### WHAT YOU HAVE TO DO
The task calls for the line containing "Identify which of" and all later lines, through the end of the entries below, to be set down exactly and without pictures.

### Short text fragments from websites
***
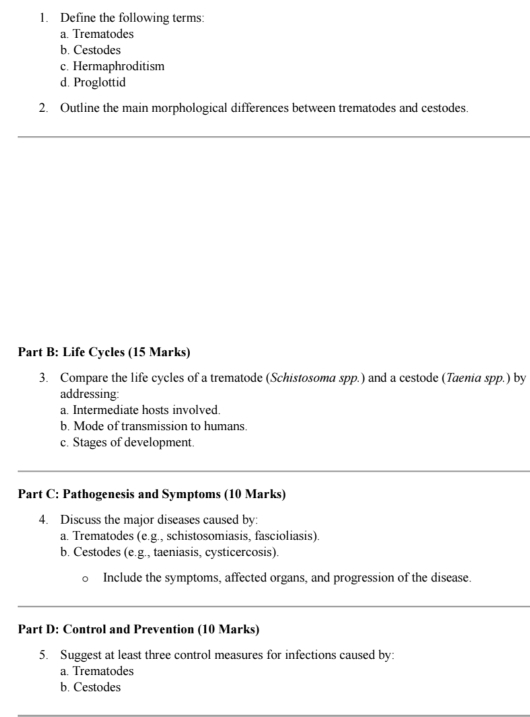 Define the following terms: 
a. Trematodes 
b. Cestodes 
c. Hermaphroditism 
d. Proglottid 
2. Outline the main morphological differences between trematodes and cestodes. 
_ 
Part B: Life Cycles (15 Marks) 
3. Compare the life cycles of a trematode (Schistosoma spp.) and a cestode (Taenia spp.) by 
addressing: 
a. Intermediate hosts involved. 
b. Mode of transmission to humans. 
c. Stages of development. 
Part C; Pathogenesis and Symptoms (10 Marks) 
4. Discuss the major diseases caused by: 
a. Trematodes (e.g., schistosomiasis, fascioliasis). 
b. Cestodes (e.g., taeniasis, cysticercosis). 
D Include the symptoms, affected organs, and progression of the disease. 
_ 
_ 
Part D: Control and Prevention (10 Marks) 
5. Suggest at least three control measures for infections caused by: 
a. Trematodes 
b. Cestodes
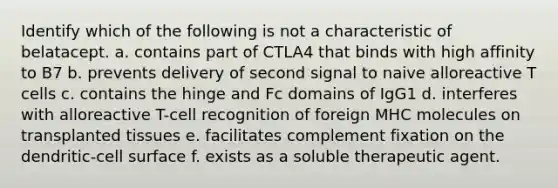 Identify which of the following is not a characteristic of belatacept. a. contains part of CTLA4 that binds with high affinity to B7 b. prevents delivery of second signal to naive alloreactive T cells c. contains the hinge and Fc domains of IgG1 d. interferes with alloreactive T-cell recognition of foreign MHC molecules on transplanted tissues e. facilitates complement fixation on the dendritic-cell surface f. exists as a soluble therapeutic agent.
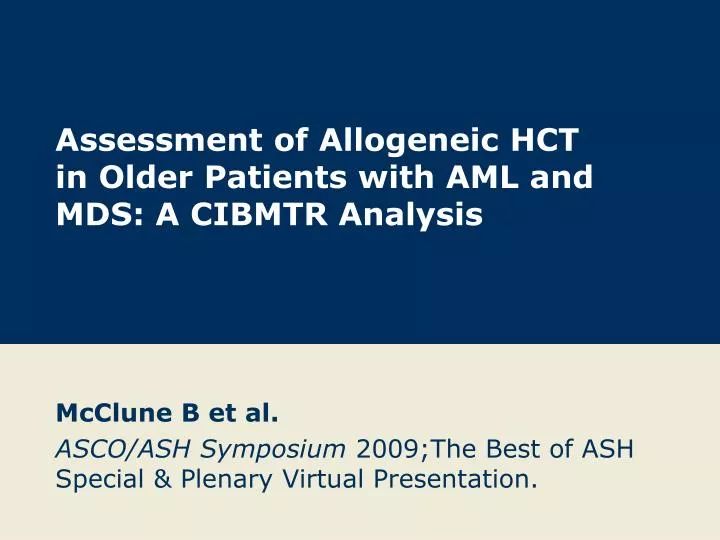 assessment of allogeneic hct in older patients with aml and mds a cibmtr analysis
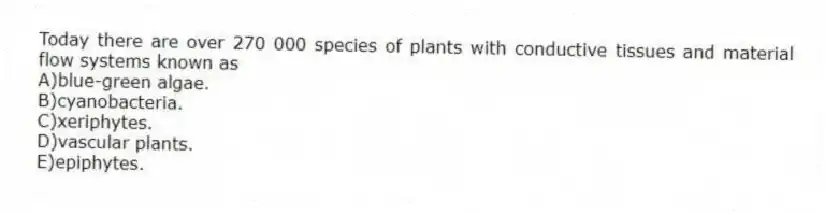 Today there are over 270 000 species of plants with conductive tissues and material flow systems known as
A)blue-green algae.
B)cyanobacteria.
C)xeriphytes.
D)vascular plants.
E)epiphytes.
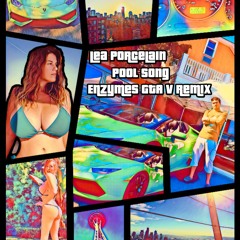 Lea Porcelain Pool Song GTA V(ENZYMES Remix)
***
### COMPLETED EXERCISE
 Identify which of the following is not a characteristic of belatacept. a. contains part of CTLA4 that binds with high affinity to B7 b. prevents delivery of second signal to naive alloreactive T cells c. contains the hinge and Fc domains of IgG1 d. interferes with alloreactive T-cell recognition of foreign MHC molecules on transplanted tissues e. facilitates complement fixation on the dendritic-cell surface f. exists as a soluble therapeutic agent.
 assessment of allogeneic hct in older patients with aml and mds a cibmtr analysis
 Today there are over 270 000 species of plants with conductive tissues and material flow systems known as
A)blue-green algae.
B)cyanobacteria.
C)xeriphytes.
D)vascular plants.
E)epiphytes.
 Lea Porcelain Pool Song GTA V(ENZYMES Remix)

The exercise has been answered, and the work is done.